The reason for this is that tear gas and riot gas are irritants that work by causing pain. While this makes them good for crowd control (you want to have people move away from the discomfort) they are, by definition, not very effective for controlling pain-resistant subjects, who – again by definition – didn’t feel pain. Keep in mind that people can be pain resistant because they are drunk, or on drugs, or really angry, or crazy. These are the categories of people most likely to be fighting cops in the first place.

ASRs, on the other hand, are inflammatory agents. When the atomized liquid is inhaled, it inflames the capillaries of the mucous membranes in the throat, doubling the person over with uncontrollable coughing (which makes capsaicin-based products inappropriate for crowd control). It doesn’t matter whether the person is pain-sensitive or pain-resistant: Inflammation at a capillary level is not a voluntary action. The object of the game is to take a physically resistant, generally pain-resistant, subject and restrain them so that neither they, nor the officer, will get hurt.

As it happens, when an ASR is sprayed directly on the skin (as opposed to being breathed out of the air), rapid inflammation of tissues causes dermal discomfort in pain-sensitive people, but this discomfort is an unfortunate artifact of the inflammation, and not a control factor.

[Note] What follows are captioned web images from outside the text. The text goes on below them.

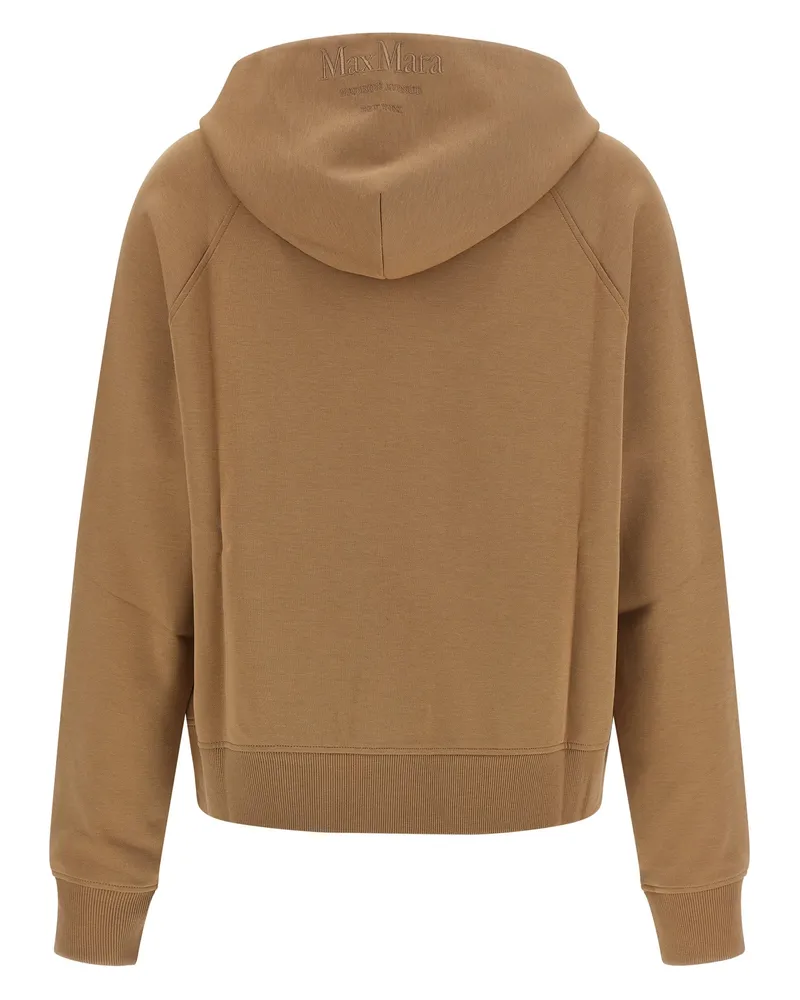 Max Mara Marea Hoodie — Beige Beige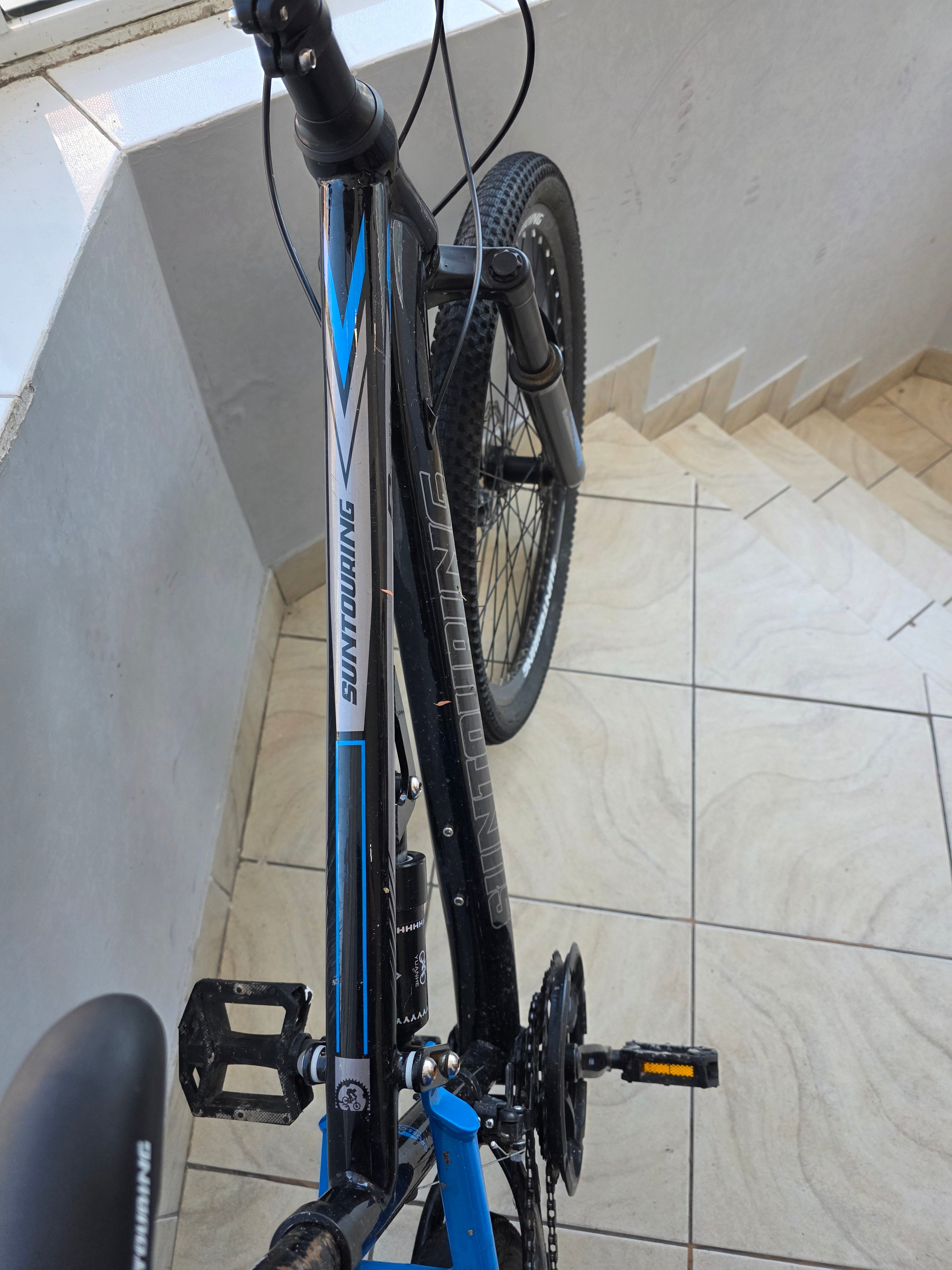 Bicicleta Suntouring Rapidly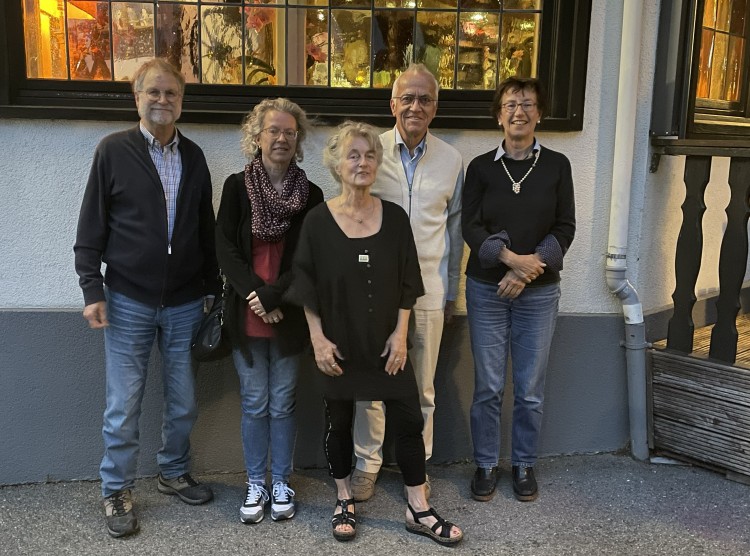 Der Aufsichtsrat der BEG-58 im November 2025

Indeed, during training, the ASR Instructors Council recommends that trainees’ exposed skin be slathered with some protective agent, such as Derma Shield or Derma Plus (,, which will prevent any dermal discomfort, and thus simulate pain-resistance on the part of the officer being trained.

When protesters, expressing civil disobedience, chain themselves, they have some expectation that they will be arrested and, possibly, punished by the judicial system. However, they expect that this arrest and punishment will take place within the constraints of the Fourth Amendment, which mandates reasonable search and seizure.

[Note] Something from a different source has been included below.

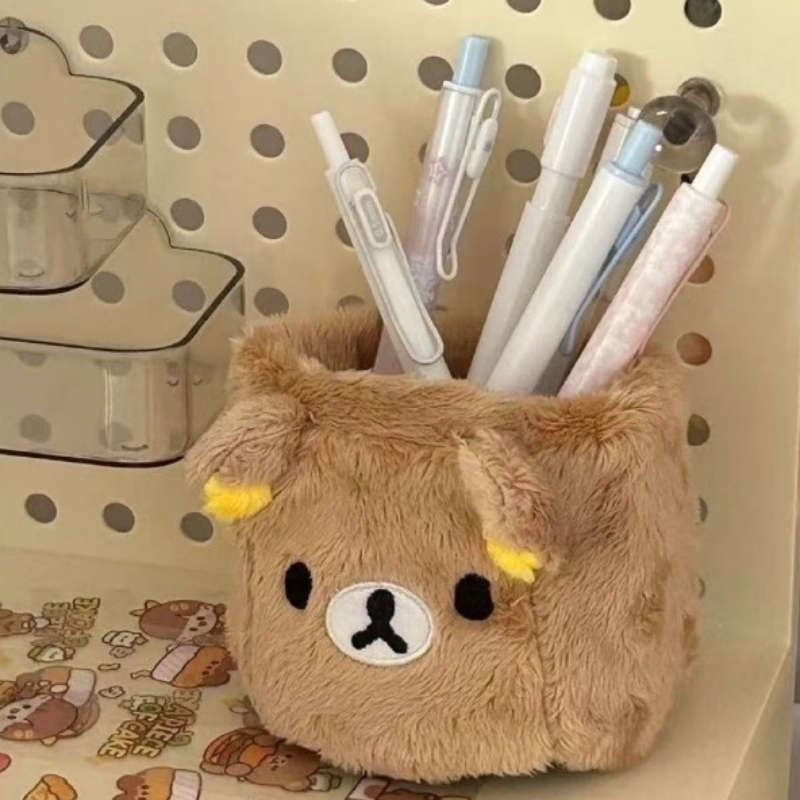 ที่ใส่ปากกาลายริลัคคุมะ น่ารัก - Desk Setup Organization บทวิจารณ์และราคา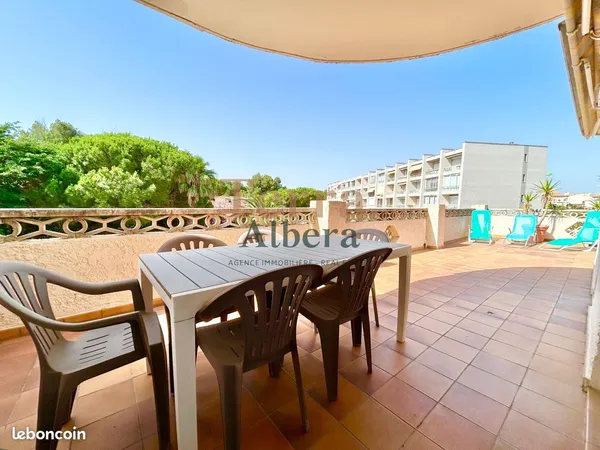 Appartement 2 pièces 39 m²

The question, then, becomes one of whether taking protesters – who are exercising non-violent civil disobedience and who are arguably causing inconvenience, but no real danger – and dropping an inflammatory agent in their eyes to cause discomfort, rather than to restrain – they are already chained and self-restrained – remains in the realm of reasonable seizure, or does it now become cruel and unusual punishment, which is precluded by the Eighth Amendment. Having been sprayed in training and in testing more times than any sane person would willingly admit, we think it falls into the area of cruel and unusual punishment.

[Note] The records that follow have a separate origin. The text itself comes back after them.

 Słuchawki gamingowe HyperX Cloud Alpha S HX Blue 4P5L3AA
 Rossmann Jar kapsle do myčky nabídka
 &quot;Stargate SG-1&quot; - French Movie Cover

It is up to supervisors to make sure this doesn’t happen. While it may have seemed a good idea a good idea to someone to save time by dropping an inflammatory liquid in the eyes of the protesters, a lot more time has been and will be spent in court than was saved.

Several thousand years of diplomatic experience indicates that hasty actions can save a little time up front, and be, short term, extremely emotionally satisfying, but are likely to cost a lot in time and money (and careers) on the back end. We therefore suggest that, given the choice, spending a little annoying time up front in diplomatic negotiation is almost always better than spending a lot of time and money at the back end.

This is as true for hasty business actions by representatives of the company as it is for government agencies acting under color of law.